TASK OBJECTIVE ▸
Every line of the material should be output exactly as written.

DATA IN THIS EXERCISE ▸
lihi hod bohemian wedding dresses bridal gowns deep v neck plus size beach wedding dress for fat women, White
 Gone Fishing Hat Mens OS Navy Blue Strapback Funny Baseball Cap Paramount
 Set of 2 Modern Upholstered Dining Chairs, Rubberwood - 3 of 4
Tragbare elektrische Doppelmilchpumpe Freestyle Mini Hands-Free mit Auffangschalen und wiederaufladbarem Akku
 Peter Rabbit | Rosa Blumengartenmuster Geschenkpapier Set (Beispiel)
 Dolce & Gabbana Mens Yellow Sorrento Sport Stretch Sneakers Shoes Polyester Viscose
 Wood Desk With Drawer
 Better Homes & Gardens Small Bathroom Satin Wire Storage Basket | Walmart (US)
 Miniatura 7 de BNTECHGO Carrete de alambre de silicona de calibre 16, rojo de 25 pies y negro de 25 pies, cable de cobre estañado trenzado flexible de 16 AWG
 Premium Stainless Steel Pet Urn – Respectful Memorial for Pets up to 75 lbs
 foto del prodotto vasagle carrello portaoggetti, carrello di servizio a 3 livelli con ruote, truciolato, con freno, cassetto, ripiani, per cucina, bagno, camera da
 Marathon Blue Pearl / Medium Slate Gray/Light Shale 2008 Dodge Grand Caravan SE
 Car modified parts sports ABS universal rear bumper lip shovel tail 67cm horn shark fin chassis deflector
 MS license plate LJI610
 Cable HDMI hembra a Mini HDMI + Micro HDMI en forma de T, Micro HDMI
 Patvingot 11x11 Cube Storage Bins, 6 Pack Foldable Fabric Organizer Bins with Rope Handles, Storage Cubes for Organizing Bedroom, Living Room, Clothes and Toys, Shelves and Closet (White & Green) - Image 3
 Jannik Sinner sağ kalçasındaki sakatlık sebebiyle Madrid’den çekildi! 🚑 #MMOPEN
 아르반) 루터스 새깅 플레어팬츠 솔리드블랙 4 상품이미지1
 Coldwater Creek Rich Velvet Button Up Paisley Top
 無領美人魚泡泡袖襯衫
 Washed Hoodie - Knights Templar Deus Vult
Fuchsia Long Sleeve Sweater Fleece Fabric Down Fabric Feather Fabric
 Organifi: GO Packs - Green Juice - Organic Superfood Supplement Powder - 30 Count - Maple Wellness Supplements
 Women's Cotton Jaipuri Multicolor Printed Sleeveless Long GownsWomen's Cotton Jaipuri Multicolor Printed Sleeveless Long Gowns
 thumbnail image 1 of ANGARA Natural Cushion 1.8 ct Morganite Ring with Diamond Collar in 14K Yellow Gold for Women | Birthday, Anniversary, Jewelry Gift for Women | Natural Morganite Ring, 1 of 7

TASK OUTPUT ▸
lihi hod bohemian wedding dresses bridal gowns deep v neck plus size beach wedding dress for fat women, White
 Gone Fishing Hat Mens OS Navy Blue Strapback Funny Baseball Cap Paramount
 Set of 2 Modern Upholstered Dining Chairs, Rubberwood - 3 of 4
Tragbare elektrische Doppelmilchpumpe Freestyle Mini Hands-Free mit Auffangschalen und wiederaufladbarem Akku
 Peter Rabbit | Rosa Blumengartenmuster Geschenkpapier Set (Beispiel)
 Dolce & Gabbana Mens Yellow Sorrento Sport Stretch Sneakers Shoes Polyester Viscose
 Wood Desk With Drawer
 Better Homes & Gardens Small Bathroom Satin Wire Storage Basket | Walmart (US)
 Miniatura 7 de BNTECHGO Carrete de alambre de silicona de calibre 16, rojo de 25 pies y negro de 25 pies, cable de cobre estañado trenzado flexible de 16 AWG
 Premium Stainless Steel Pet Urn – Respectful Memorial for Pets up to 75 lbs
 foto del prodotto vasagle carrello portaoggetti, carrello di servizio a 3 livelli con ruote, truciolato, con freno, cassetto, ripiani, per cucina, bagno, camera da
 Marathon Blue Pearl / Medium Slate Gray/Light Shale 2008 Dodge Grand Caravan SE
 Car modified parts sports ABS universal rear bumper lip shovel tail 67cm horn shark fin chassis deflector
 MS license plate LJI610
 Cable HDMI hembra a Mini HDMI + Micro HDMI en forma de T, Micro HDMI
 Patvingot 11x11 Cube Storage Bins, 6 Pack Foldable Fabric Organizer Bins with Rope Handles, Storage Cubes for Organizing Bedroom, Living Room, Clothes and Toys, Shelves and Closet (White & Green) - Image 3
 Jannik Sinner sağ kalçasındaki sakatlık sebebiyle Madrid’den çekildi! 🚑 #MMOPEN
 아르반) 루터스 새깅 플레어팬츠 솔리드블랙 4 상품이미지1
 Coldwater Creek Rich Velvet Button Up Paisley Top
 無領美人魚泡泡袖襯衫
 Washed Hoodie - Knights Templar Deus Vult
Fuchsia Long Sleeve Sweater Fleece Fabric Down Fabric Feather Fabric
 Organifi: GO Packs - Green Juice - Organic Superfood Supplement Powder - 30 Count - Maple Wellness Supplements
 Women's Cotton Jaipuri Multicolor Printed Sleeveless Long GownsWomen's Cotton Jaipuri Multicolor Printed Sleeveless Long Gowns
 thumbnail image 1 of ANGARA Natural Cushion 1.8 ct Morganite Ring with Diamond Collar in 14K Yellow Gold for Women | Birthday, Anniversary, Jewelry Gift for Women | Natural Morganite Ring, 1 of 7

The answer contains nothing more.